**Task to complete**. Each line of the material must be repeated precisely, with the pictures left out.

**Dataset excerpt**.
====
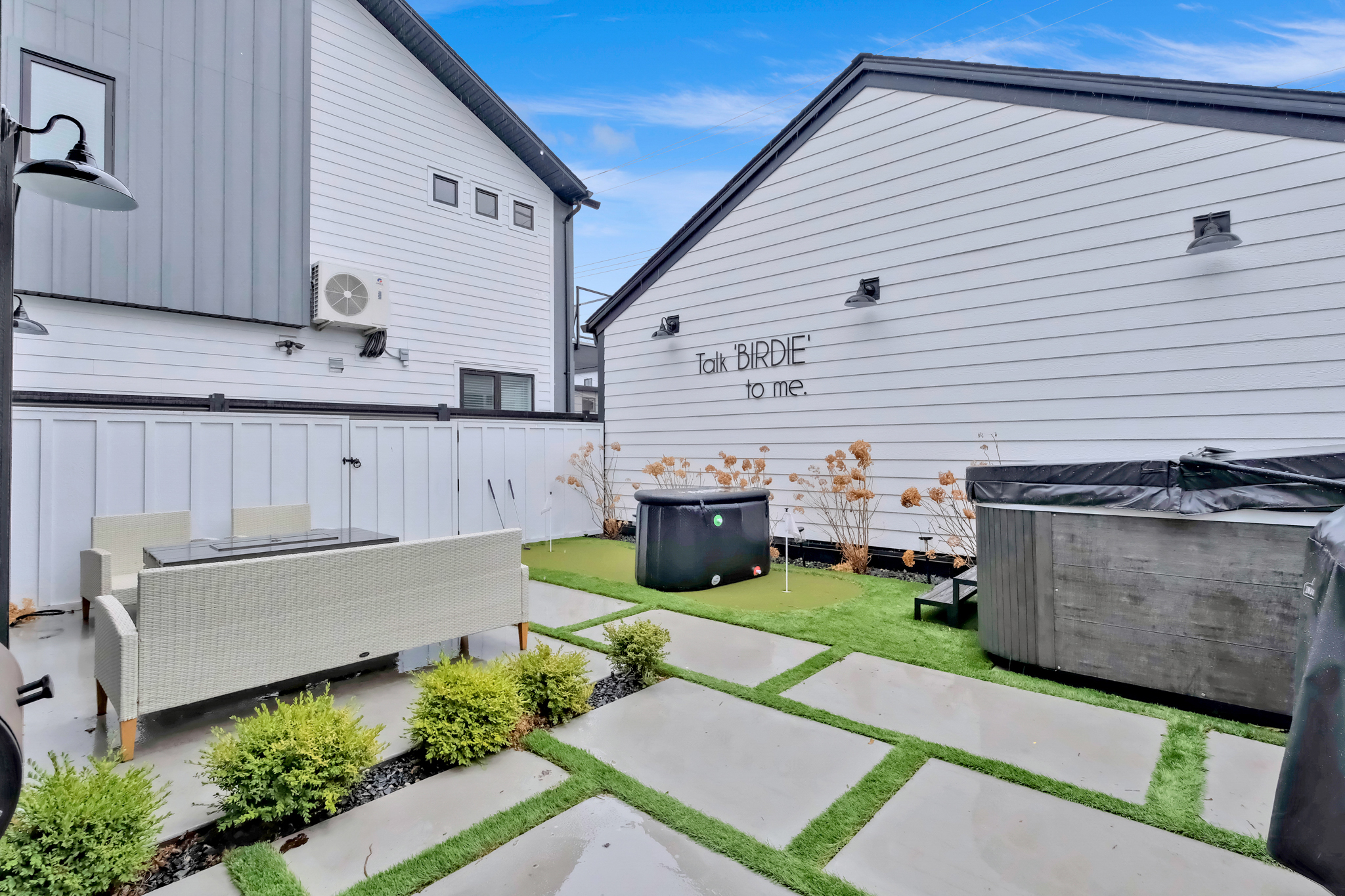 163 Maple Street 102 Penticton V2A 5V4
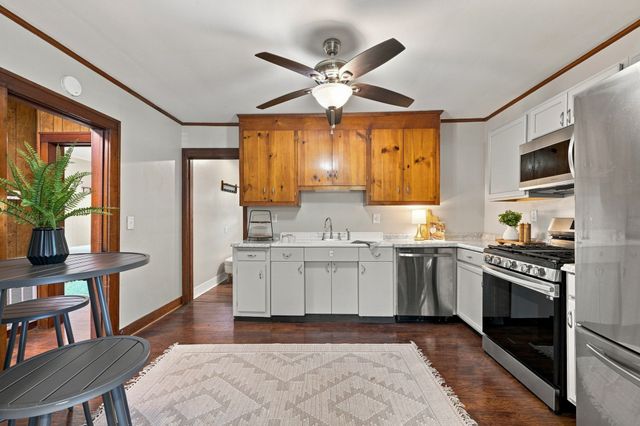 119 Poplar St, Dickson, TN 37055
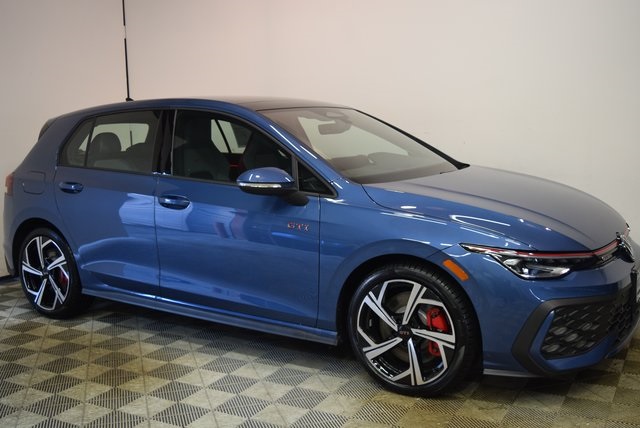 2026 Volkswagen Golf GTI SE's photo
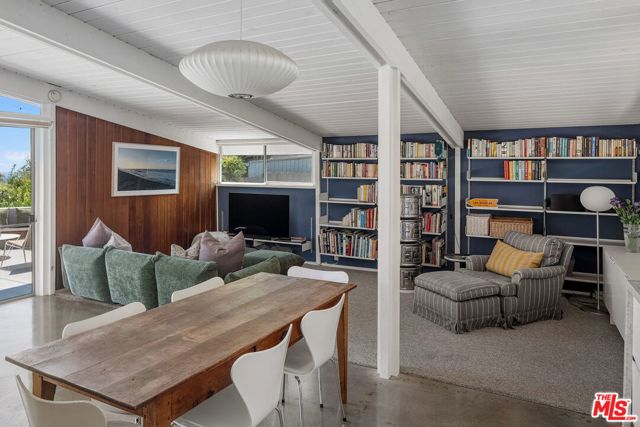 12400 Deerbrook Lane, Los Angeles CA: https://media.crmls.org/mediaz/fa674b6a-233c-49e5-9491-66c5fc4e7faa.jpg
====
**Written answer**.
 163 Maple Street 102 Penticton V2A 5V4
 119 Poplar St, Dickson, TN 37055
 2026 Volkswagen Golf GTI SE's photo
 12400 Deerbrook Lane, Los Angeles CA: https://media.crmls.org/mediaz/fa674b6a-233c-49e5-9491-66c5fc4e7faa.jpg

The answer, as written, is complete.